Storie che fanno la Storia con la S maiuscola (per dirla con la grande Elsa Morante). Storie tra miti, curiosità e leggende, come quella di Agilulfo, il cui fantasma si aggira ancora tra le vecchie mura di Bibbona, popolate da presenze templari, o della bella Eleonora di Toledo che lega la sua triste sorte al castello di Rosignano Marittimo...
Una narrazione alla ricerca del lato più oscuro, disconosciuto della nostra terra: è la prospettiva che ha guidato l’obiettivo del fotografo Fabio Muzzi, artista pisano dell’immagine, che ha scattato per il Tirreno 24 bellissime fotografie della Costa etrusca di notte. Un cofanetto di meraviglie che Il Tirreno propone ai suoi lettori.
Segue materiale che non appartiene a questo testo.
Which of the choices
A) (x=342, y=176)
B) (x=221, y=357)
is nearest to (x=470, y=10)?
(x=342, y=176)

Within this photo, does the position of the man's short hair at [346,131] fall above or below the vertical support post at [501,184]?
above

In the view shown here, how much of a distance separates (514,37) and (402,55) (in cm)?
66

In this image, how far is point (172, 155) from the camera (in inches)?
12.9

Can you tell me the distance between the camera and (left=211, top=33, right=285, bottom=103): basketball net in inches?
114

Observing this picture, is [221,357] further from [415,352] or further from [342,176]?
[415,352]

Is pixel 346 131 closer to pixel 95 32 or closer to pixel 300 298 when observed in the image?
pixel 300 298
Si comincia sabato prossimo 12 novembre. Per proseguire da lunedì fino al sabato successivo, così per quattro settimane. La domenica invece i lettori saranno accompagnati da un viaggio foto-letterario nel “mondo della notte”.
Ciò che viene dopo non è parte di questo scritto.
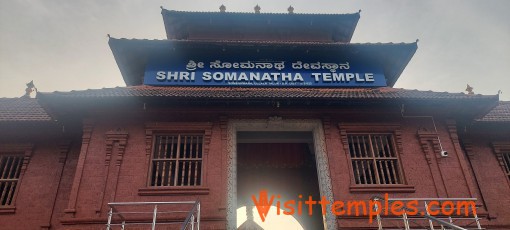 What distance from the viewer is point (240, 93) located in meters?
9.35

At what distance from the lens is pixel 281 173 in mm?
14750

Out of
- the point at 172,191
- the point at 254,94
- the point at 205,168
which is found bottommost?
the point at 172,191

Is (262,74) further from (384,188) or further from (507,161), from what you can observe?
(507,161)

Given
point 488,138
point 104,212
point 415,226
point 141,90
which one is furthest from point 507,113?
point 104,212

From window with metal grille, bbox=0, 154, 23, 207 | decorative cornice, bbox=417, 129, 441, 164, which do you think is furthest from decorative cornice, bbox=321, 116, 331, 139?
window with metal grille, bbox=0, 154, 23, 207

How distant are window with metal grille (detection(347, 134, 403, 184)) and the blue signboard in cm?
229

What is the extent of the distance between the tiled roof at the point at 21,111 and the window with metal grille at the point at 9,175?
1121mm

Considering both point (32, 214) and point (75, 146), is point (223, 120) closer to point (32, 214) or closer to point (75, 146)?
point (75, 146)

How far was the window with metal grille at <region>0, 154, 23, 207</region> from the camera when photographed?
9078 mm

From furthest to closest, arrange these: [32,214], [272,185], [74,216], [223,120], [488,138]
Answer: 1. [272,185]
2. [488,138]
3. [223,120]
4. [32,214]
5. [74,216]

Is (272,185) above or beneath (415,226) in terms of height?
above

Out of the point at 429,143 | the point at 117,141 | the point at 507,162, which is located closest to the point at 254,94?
the point at 117,141

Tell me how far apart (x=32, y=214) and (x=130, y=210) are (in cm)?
299

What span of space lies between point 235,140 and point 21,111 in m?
6.95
Con le 24 immagini di Fabio Muzzi, che avranno il contrappunto delle storie raccontate dalla giornalista Maria Meini (sul retro delle foto) proviamo a proporre un volto inconsueto della nostra terra. In linea con quello che abbiamo fatto negli ultimi anni: spostando lo sguardo dal passato, con le foto storiche, al cielo, con le foto dall’alto.
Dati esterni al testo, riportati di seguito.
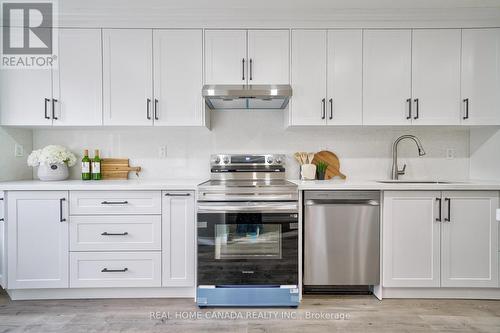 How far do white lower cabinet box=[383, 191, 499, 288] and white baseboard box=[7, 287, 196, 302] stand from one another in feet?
5.42

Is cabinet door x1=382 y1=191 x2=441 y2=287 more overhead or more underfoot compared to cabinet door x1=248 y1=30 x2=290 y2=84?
more underfoot

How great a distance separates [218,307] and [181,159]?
139 centimetres

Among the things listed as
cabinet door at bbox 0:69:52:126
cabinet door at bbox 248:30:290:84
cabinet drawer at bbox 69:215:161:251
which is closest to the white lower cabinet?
cabinet door at bbox 248:30:290:84

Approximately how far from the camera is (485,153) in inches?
101

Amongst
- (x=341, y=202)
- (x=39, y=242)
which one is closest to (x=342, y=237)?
(x=341, y=202)

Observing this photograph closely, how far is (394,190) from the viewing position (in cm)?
214

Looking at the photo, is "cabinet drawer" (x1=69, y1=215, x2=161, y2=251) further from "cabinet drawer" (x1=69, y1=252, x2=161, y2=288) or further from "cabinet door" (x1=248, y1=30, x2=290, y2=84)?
"cabinet door" (x1=248, y1=30, x2=290, y2=84)

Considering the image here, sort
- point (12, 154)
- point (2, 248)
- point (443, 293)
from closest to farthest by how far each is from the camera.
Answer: point (2, 248) < point (443, 293) < point (12, 154)

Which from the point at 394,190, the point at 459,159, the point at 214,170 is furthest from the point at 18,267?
the point at 459,159

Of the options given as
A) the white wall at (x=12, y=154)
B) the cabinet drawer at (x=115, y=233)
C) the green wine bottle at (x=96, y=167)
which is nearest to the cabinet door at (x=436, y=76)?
the cabinet drawer at (x=115, y=233)

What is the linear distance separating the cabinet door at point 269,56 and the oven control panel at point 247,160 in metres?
0.71

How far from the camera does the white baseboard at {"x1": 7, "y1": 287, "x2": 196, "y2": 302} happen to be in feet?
7.13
Adesso, con questa nuova iniziativa, l’obiettivo della macchina fotografica plana sulla lancetta delle ore. E coglie l’immagine della notte: al chiarore della luna, sotto le stelle. Muzzi ci regala la suggestione poetica di elementi rarefatti. Il primo ingrediente è sempre la luce, miscelata al calore che si alza dal terreno, alla nebbia dell’alba lungo la spiaggia, alla rugiada che vela i campi. Un insolito punto di vista che rielabora storie di borghi, castelli, vigneti, viali, fabbriche, porti. Tra passato e futuro, un racconto che nasce dall’attesa paziente e sapiente della luce giusta, dell’ora che si fa presente.
I lettori del Tirreno potranno scoprire il fascino di questa narrazione giorno dopo giorno, foto dopo foto. 24 immagini che andranno a comporre un cofanetto all’interno di un unico raccoglitore. Le foto saranno distribuite in regalo con il quotidiano da sabato prossimo 12 novembre. Per quattro settimane, dal lunedì al sabato.